[[ DATASET CONTENT open ]]
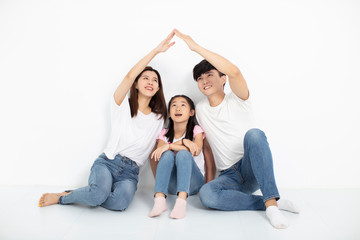 happy young family sitting on floor with home concept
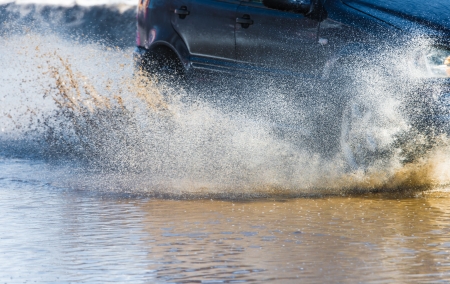 Car rides on big water in the rainの写真素材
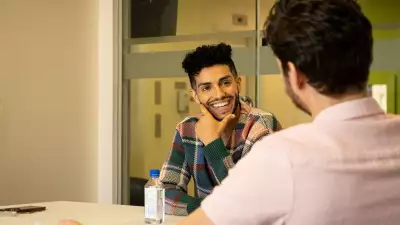 Mena Massoud | Aladdin actor Mena Massoud smiling and sitting at a table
[[ DATASET CONTENT closed ]]
**WHAT YOU WILL DO**
Repeat the listing word for word, but without its pictures.

**YOUR RESPONSE**
 happy young family sitting on floor with home concept
 Car rides on big water in the rainの写真素材
 Mena Massoud | Aladdin actor Mena Massoud smiling and sitting at a table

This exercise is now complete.